Greens are first to publish their manifesto for the elections to the Scottish parliament next month.
https://greens.scot/sites/default/files/Scottish%20Greens%20Manifesto_Online.pdf
Seems full of good ideas, here’s some highlights

– “Hold letting agencies to account. We will promote better regulation to tackle poor service and ensure information is available about good letting agencies and landlords.” nice but alas no mention of support for the poor neighbours of useless landlords
– “We will propose a not-for-profit service to manage major repairs including to tenements. This could be done by existing housing associations or a network” sounds interesting given my frustrations at having 10 neighbours taking zero interest in a leaking roof
– “Widen digital rights. To unlock power in Scotland access to technology must be improved
and digital media must not be vulnerable to control by vested corporate interests. We will
advocate for an independent public Technology and Society Forum to protect digital rights
and improve digital access across Scotland. The Forum would engage the public to help in
drawing up recommendations for government and industry. The internet itself offers tools
to make such a forum open, inclusive and participative.” sounds interesting although a bit vauge
– “Who owns Scotland? Green MSPs will campaign to make all landownership fully transparent and to end the ownership of land in offshore tax havens.” something the SNP backed off from for unknown reasons
– “Oppose more testing. Greens will resist plans for a return to standardised national testing
in schools. More testing contradicts the basis of Curriculum for Excellence.” This is one of the more curious policies of the SNP which I’ve never seen a good reason for
– “Opposing Fracking” hardly a surprise from the Greens, this seems necessary to help prevent/slow climate change.  In one of the leaders’ debates Nicola Sturgeon said she’d ban fracking if it was shown to be bad for the environment which seems like silly fence sitting, it releases CO2 and there is known to be bad for the environment.

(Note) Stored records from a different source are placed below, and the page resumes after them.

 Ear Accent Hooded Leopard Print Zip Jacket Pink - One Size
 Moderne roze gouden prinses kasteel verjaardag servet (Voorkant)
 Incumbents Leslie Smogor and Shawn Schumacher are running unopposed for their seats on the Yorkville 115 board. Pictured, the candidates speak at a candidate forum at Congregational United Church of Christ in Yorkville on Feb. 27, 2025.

– tax gets its own manifesto https://greens.scot/sites/default/files/Policy/Fair%20Funding%20For%20Public%20Services%202016.pdf with a sensible proposal to replace council tax with value tax, to tax unbuilt on land and jiggle income tax bands in sensible ways.  I don’t have much of an opinion on 60% rate they propose.
– “Our key policies are: Funding for active travel. We will work to increase the proportion of the transport budget spent on active travel to 10%.” very sensible, although sadly no mention of canoeing in active travel as usual
– Community sport “Green MSPs support the expansion of Scotland’s sports clubs through support for volunteering, accessible facilities and funding to enable more women, LGBTI+ people, minority ethnic communities and disabled people to participate.” well yes but every party says that, they also say they want more funding for “support of high-performance sport” which seems to get plenty funding already to the detrement of community sport.

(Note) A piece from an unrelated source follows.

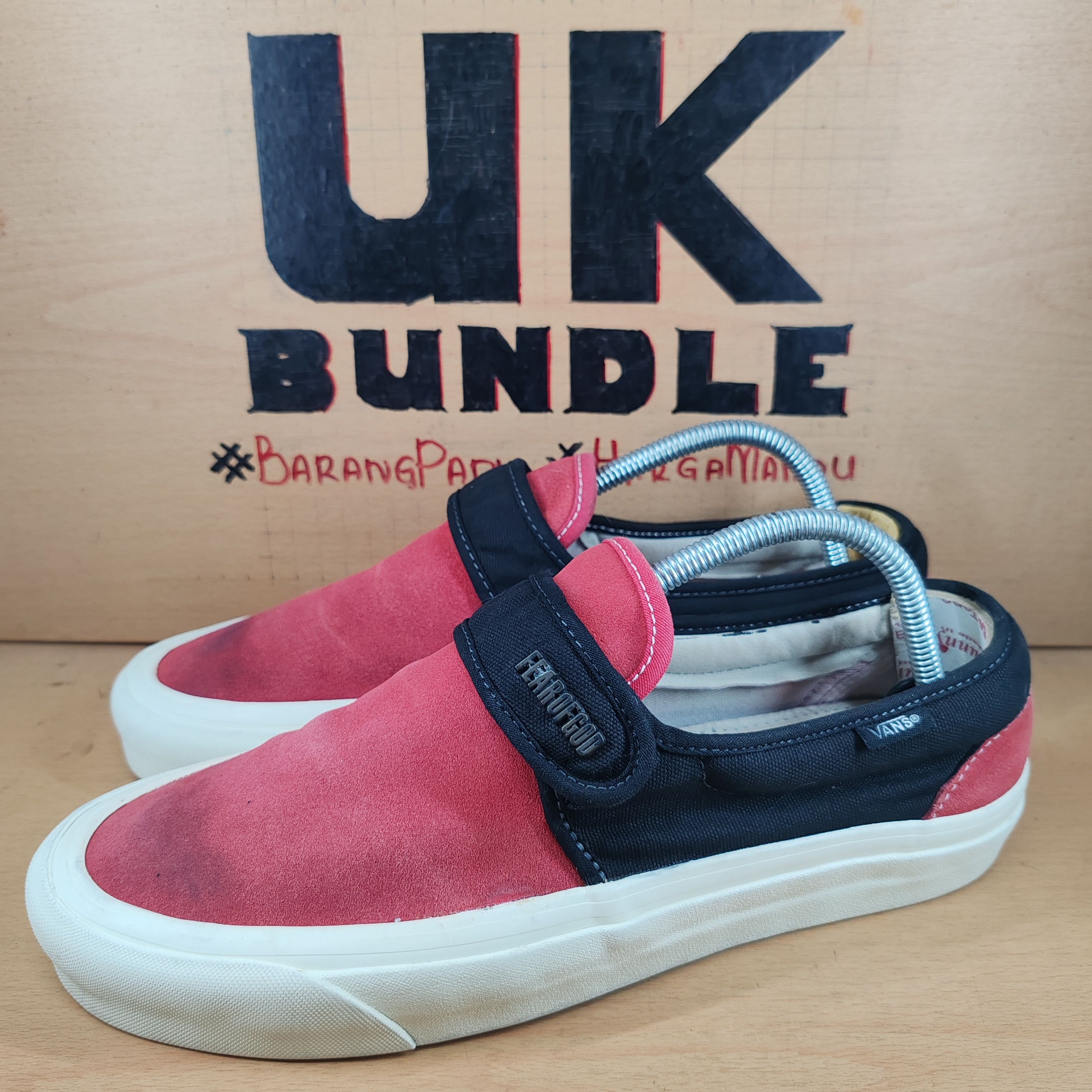 Fear of God Vans VANS x Fear of God FOG Slip On Suede Leather Black Red Grailed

– “We need to curb the arms industry. Green MSPs would support measures to curtail the global arms trade by cutting Scottish Enterprise or Scottish Development International support to enterprises involved in arms sales to human rights abusers. We would encourage pension funds to divest away from these enterprises and we would push for a Just Transition Fund to help defence sector workers retrain for careers in other areas such as renewables or transportation.” excellent

Lots of good stuff.  Nothing about open source or open digital standards (where the Scottish Government is far behind the UK government), Patrick Harvie has spoken at conferences I’ve run before but alas that interest doesn’t make it into the public conciousness  Nothing about independence interestingly.  A bit light and fluffy in some areas.  They’re not standing in my constituency but I’m very tempted to vote for them in the list vote especially as I’m a fan of local lady Alison Jonston and land reform guru Andy Wightman.